What does it mean to be recognized?
Say you’ve moved to a new neighborhood. You’ve noticed a few neighbors mowing their lawns, walking their dogs, rushing to work. You’ve found your go-to spots: grocery store, bar, café, park. You start to recognize the people who populate your little corner of the universe, and they start to recognize you.
In “Make Friends,” Hiatus Kaiyote suggests a much deeper kind of recognition, as if we can be known on a deep level, as we truly are.
When singer Nai Palm, in her full, supple voice, delivers the song’s chorus and mantra, she tells us that friendship is where we find this deep recognition.
You don’t make friends
You recognize them
Its signs are both cosmic and simple: “on my wavelength” and “down to earth,” a “wild thing” but “not hard work.” The singer would seem to befriend independent types, those with “their own thing”—they want to spend time with you but don’t need to. They come and go as they please and don’t ask too much. A listener could almost fault this conception of friendship for failing to include an acceptance of foibles, except that would miss the point: acceptance means foibles aren’t foibles. If you’re on the wavelength, you’re on the wavelength, as you are. “Maybe it is fate?” as Palm sing-queries during the bridge.
Quibbles about the component parts of friendship aside, the song’s loping bass line convinces without qualification. It is the wavelength. Through the verses, in steady 6/4 time, it lopes upward and steps back down according to some arcane theory of resonance (I suppose you could call it a “scale”).
The vocal phrases in these verses stab the available space at a higher frequency, so that by the pre-chorus, the melody feels wrapped up with the bass line in a double helix of predestined attraction and understanding.
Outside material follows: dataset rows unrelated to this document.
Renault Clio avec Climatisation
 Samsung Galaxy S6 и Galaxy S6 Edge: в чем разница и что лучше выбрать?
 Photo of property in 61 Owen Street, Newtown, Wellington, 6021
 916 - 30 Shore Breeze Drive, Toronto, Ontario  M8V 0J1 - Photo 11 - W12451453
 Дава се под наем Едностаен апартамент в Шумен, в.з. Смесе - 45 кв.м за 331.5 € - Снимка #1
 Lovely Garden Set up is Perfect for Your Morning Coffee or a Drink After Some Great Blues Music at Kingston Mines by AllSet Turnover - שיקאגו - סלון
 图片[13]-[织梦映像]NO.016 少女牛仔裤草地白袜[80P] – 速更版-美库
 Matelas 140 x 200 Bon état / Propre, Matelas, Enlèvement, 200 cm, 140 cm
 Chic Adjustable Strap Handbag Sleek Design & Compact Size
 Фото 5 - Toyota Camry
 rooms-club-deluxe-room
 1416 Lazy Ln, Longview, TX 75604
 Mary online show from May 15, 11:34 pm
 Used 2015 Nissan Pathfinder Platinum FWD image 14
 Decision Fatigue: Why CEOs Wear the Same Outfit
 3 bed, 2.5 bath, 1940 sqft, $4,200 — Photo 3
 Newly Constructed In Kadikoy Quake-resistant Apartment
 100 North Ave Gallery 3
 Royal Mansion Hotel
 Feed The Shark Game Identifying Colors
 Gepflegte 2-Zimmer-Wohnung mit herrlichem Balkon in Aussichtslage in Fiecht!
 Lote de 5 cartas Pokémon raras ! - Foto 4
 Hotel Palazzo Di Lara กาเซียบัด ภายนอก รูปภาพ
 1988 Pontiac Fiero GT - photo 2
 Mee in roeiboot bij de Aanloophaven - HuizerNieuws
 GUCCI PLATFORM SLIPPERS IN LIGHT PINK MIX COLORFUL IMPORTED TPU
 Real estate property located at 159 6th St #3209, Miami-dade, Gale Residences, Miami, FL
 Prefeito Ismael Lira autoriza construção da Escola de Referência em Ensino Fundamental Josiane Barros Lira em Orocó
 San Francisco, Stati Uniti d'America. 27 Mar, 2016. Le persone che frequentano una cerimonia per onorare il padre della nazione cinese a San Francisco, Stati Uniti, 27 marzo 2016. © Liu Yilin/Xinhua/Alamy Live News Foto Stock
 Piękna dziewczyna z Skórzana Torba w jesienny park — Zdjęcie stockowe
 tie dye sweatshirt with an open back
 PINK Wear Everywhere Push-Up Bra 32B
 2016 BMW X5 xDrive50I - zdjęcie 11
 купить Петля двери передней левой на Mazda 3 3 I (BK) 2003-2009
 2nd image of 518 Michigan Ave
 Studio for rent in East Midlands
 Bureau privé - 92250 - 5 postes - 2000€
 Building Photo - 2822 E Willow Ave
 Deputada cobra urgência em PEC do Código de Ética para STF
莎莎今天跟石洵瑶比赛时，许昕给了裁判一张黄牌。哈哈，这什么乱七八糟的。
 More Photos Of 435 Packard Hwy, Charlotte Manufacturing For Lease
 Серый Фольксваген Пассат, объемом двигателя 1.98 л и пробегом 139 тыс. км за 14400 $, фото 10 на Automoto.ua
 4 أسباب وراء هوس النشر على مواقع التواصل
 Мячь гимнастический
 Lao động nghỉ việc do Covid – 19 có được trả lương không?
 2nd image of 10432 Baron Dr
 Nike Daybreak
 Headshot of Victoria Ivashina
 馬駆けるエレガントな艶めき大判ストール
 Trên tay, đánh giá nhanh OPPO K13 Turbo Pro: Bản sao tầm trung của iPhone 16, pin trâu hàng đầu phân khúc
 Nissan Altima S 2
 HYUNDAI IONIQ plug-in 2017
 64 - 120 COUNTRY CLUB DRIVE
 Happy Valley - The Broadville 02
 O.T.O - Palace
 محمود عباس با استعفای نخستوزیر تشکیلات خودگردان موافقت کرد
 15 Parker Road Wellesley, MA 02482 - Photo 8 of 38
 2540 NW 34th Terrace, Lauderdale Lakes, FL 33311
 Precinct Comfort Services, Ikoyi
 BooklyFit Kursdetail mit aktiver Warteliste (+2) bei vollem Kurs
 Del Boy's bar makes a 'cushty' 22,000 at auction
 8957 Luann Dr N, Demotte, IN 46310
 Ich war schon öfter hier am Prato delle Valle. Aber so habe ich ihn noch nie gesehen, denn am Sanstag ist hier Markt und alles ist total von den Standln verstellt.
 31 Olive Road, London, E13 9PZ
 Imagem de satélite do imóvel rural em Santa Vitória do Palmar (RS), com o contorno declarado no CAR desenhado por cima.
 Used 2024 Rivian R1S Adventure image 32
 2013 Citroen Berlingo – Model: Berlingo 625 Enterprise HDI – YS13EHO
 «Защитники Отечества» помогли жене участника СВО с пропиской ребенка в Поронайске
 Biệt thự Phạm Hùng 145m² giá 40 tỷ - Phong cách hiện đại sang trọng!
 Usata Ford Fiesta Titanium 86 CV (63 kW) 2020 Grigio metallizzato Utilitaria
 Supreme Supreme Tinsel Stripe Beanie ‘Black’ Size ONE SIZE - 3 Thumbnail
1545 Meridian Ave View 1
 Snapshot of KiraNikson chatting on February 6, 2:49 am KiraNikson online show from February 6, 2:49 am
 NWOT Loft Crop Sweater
When the chorus kicks in, time itself changes, or at least the time signature, and the phrasing in the words, syllable by syllable, is matched to the music:
What is it for?
Who you like, who you ignore?
The mystical, outer-spacey sophistication continues with a searching musical vamp after the second chorus—sort of like aliens kidnapped J. S. Bach, harpsichord and all, and are zipping around with him in their spacecraft in gleeful defiance of spacetime—that leads into a complicating bridge. The singer suggests “I could be your ride or die” and even offers her “yum yum”—which I guess could be a reference to a Hibachi sauce or a deep-fried croissant, though that’s not quite how I took it—while conceding she might also be a “pain in your ass.”
Suddenly friendship is on the verge of transforming into its more difficult cousin, romantic love. The soulfully ascending “You could recognize me” that caps off the bridge has an urgency not typically associated with the neato person who’s just down to hang.
Maybe it’s inevitable that a pop song—no matter how much of a jazzy-space-opera it is—will turn into a love song. Or maybe the point is that romantic love cannot be sustained without the deep, cosmic recognition of true friendship.
Or maybe the band wants to shatter received notions of what fidelity is supposed to look like in a successful romantic pairing.
It’s not terribly clear, nor does it need to be. The desire to be recognized is about being rescued from obscurity and loneliness, and both friendship and love are the best ways to get there. (Other types of recognition, like pop stardom, seem always to fall short by comparison.)
And so the song ends with a soulful, insistent repetition.
I want you to recognize me
I want you, too
The song also rethinks a hoary old idiom: “make friends.” We do not make our friends. They are in the process of making themselves. We accept them, we make room for them, we long for them to recognize us as we recognize them. It sounds almost religious. But we can go puerile, if only to avoid sanctimony: “takes one to know one.”